Background
The construction industry scheme (the CIS) was originally introduced in 1999 and substantially revised in 2007. Essentially it is a tool intended to combat tax evasion in the construction sector in the form of payments for building work not being declared as income for tax purposes. It does that by requiring "contractors" to deduct tax from payments to "subcontractors" under "construction contracts", unless the subcontractor has been given CIS gross payment status by HMRC. Many aspects of the rules are broadly drafted and uncertain in scope, but until now the general view has been that a payment by a lender to a borrower by way of a development loan is not within the scope of the CIS.
What's changed?
HMRC publish detailed technical guidance on how it thinks the CIS rules should apply. Earlier this month they changed a key section of this guidance to say that a contract to fund construction operations could be a construction contract that the CIS applies to. By itself the changed guidance is unhelpfully vague but not necessarily problematic – it could simply refer to forward funding arrangements, which are widely agreed to be within the scope of the CIS already.
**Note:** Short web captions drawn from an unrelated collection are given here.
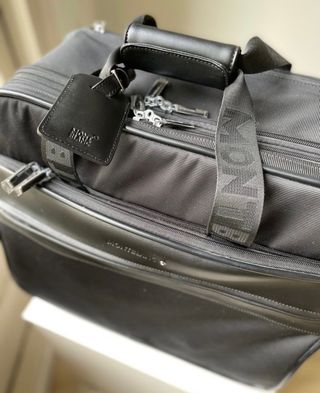 Cabin suitcase Montblanc Nightflight NUEVA
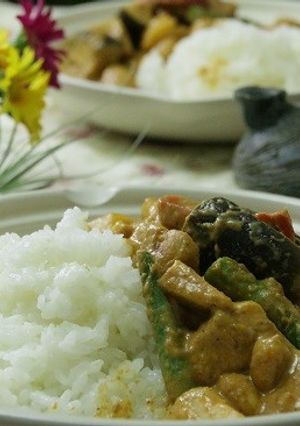 世界一美味しい　マッサマンカレー(^^♪-レシピのメイン写真
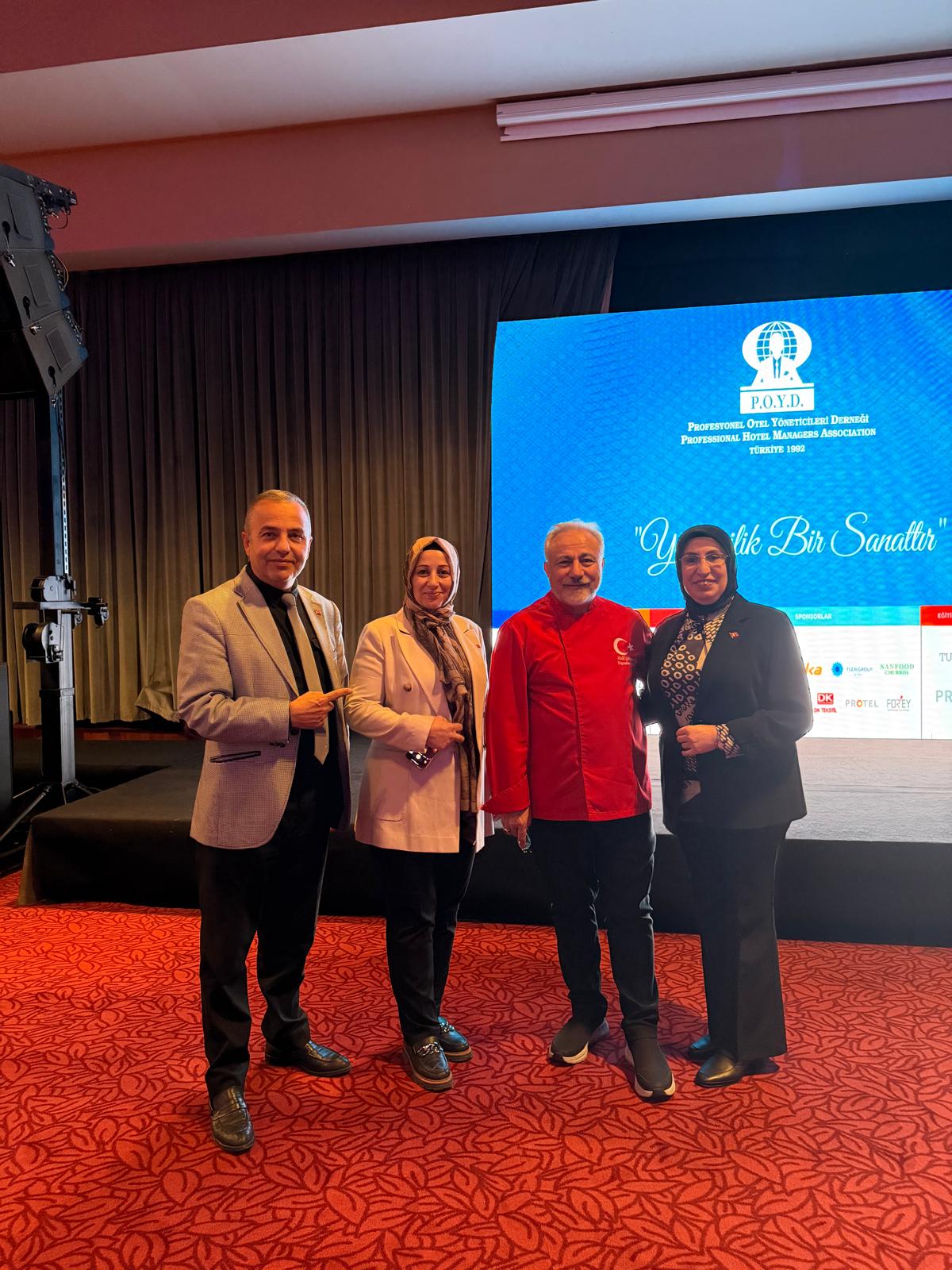 Afyonkarahisar Mutfağı Turizmcilerle Buluştu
However, we are now aware of several recent examples of HMRC taking the view that LMA-style development loans are construction contracts, and that making such loans is likely to mean a lender would cross the threshold to have to register as a CIS contractor (if not already registered).
Broad as the CIS rules are, it would still be a very odd outcome if that view were correct. Leaving aside more detailed objections, in big picture terms the CIS is aimed at situations where there is a perceived risk of payments not being declared as taxable income. Loan drawdowns simply will not be income for borrowers, and so are not capable of giving rise to the sort of evasion the CIS is combatting. Our view is that this interpretation of the CIS rules is wrong on both a policy level and a technical level.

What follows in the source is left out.